Des propos qui semblent à la fois à côté de la plaque, déconnectés de la problématique actuelle et contre-productifs.

 

Pouvez répéter la question ?

La Vie d’Adèle souffre aujourd’hui des attaques de l’association Promouvoir, non en raison de la maturité psychologique du film, mais de la présence de scènes de sexe crues. Se féliciter de l’interdiction au prétexte que le discours serait trop éloigné des préoccupations des adolescents, c’est répondre à une autre question que celle soulevée par les censeurs de Promouvoir, au risque de donner l’illusion qu’on soutient leur démarche.

 

Une remise en cause tardive

La Vie d’Adèle a reçu la Palme d’Or en 2013 occasionnant logiquement une forte présence de ses auteurs, comédiens, producteurs et bien sûr réalisateur dans les médias. Si la présence d’une sexualité très graphique dans le film a fait les choux gras de nombreux médias, on ne peut pas dire que l’interdiction aux moins de 12 ans ait soulevé de vagues d’indignation alors.

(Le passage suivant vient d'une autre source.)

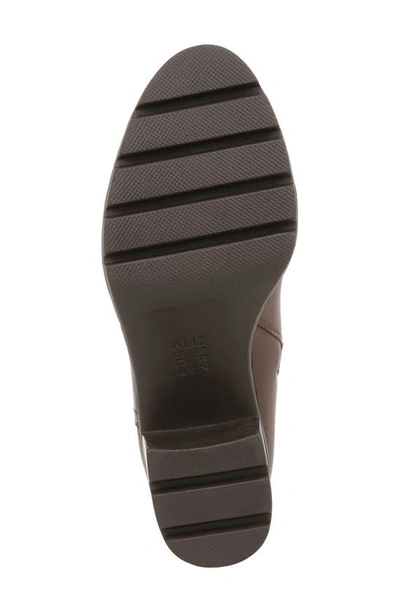 Naturalizer Verney Block Heel Waterproof Bootie In Chocolate Leather Brown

Abdellatif Kechiche n’avait d’ailleurs pas jugé bon de s’exprimer sur cette question à l’époque… D’où la surprise (voire la consternation) de l’entendre s’exprimer aujourd’hui de la sorte.

Promouvoir Promouvoir ?

Evidemment tout un chacun est libre d'estimer que La Vie d'Adèle ne convient pas à des jeunes 12, 13 ou 14 ans et personne dans ces colonnes ne se risquera à un jugement définitif sur la question. Evidemment, Abdellatif Kechiche est libre et en droit de livrer le fond de sa pensée. Il faut néanmoins interroger ici les conséquences de ses paroles. Qu'on s'en réjouisse ou qu'on le déplore, La Vie d'Adèle, récompensée d'une Palme d'Or alors que les débats autour du Mariage pour Tous divisaient la France, a joué un grand rôle dans la visibilité des problématiques soulevées.

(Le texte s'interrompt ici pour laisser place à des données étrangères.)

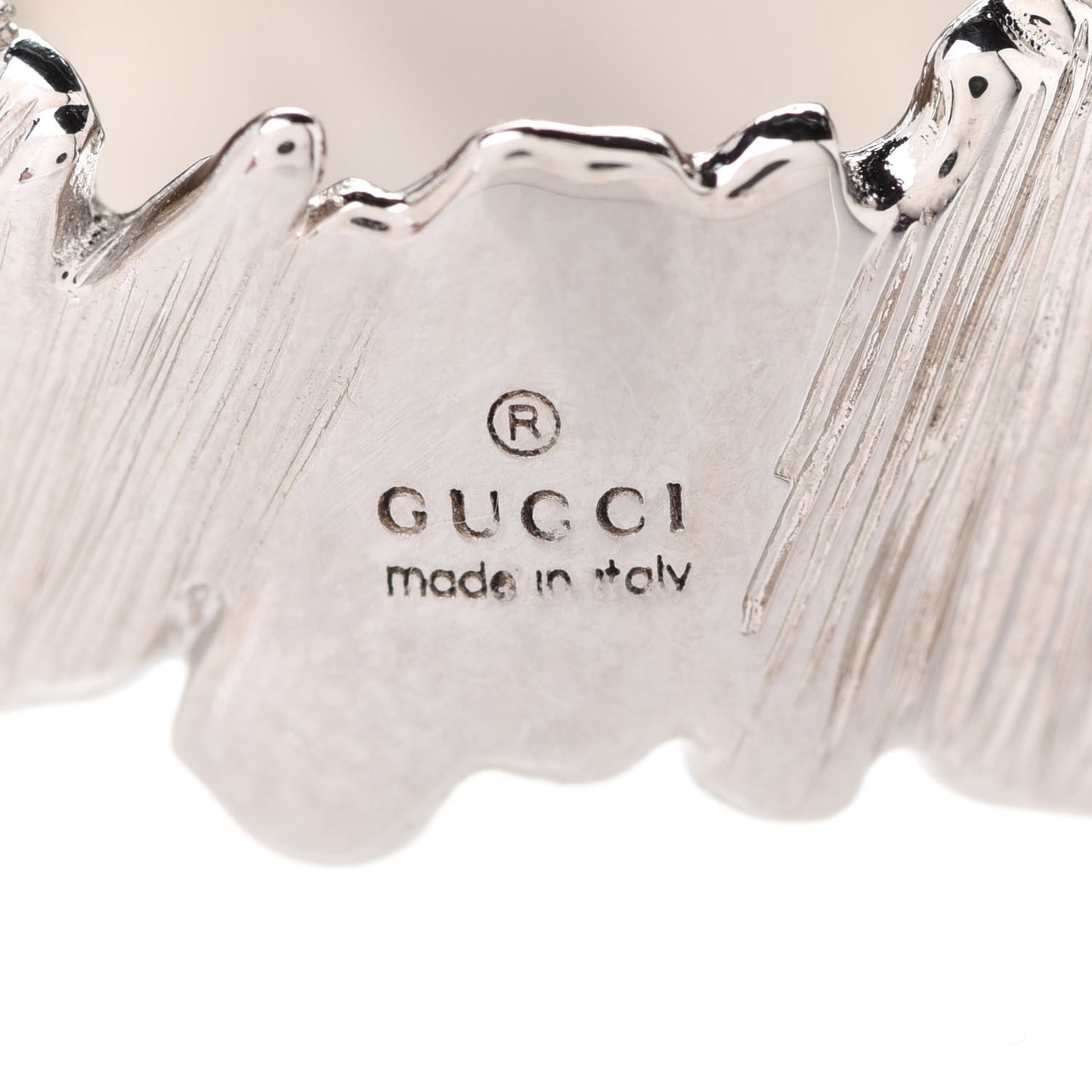 Metal Crystal GG Ring M Silver Blue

Promouvoir a pour avocat, membre, ex-président et donc principal ambassadeur André Bonnet, ancien militant d'extrême droite. Ce dernier déclarait sur un plateau télévisé en 2001, qu'il existait "un lien manifeste, une corrélation statistique, entre homosexualité et pédophilie". Des propos délirants, dont on regrette de voir l'auteur très indirectement validé (et sans doute à son corps défendant) par un artiste du calibre de Kechiche.

 

Et les petits copains ?

En attaquant les œuvres comme elle le fait, Promouvoir envoie un message clair à l’industrie, qui n’a aucun rapport avec la défense de la jeunesse. S’en prendre à des films d’auteurs, des films d’horreur, des films primés, menacer leur exploitation après leur sortie, c’est créer pour les producteurs et distributeurs un climat d’instabilité juridique et commerciale.

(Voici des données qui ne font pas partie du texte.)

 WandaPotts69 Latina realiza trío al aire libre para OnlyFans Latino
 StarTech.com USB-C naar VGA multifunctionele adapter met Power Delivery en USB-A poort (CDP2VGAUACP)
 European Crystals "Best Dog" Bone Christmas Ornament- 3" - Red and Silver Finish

Si des œuvres, déjà risquées, peuvent voir leur remontée de recettes interrompue ou bouleversée, malgré leur respect du cadre légal, leur production deviendra trop hasardeuse et risquée. C’est bien le but que poursuit Promouvoir : paralyser la création.

Un cinéaste comme Abdellatif Kechiche ayant bénéficié tout particulièrement de ce système de production, de distribution et de classification qui permet à des créations de rencontrer le public malgré leur fragilité commerciale ou leurs audaces formelles, on se désole un peu de le voir indirectement légitimer l’action d’un groupuscule aux motivations discutables.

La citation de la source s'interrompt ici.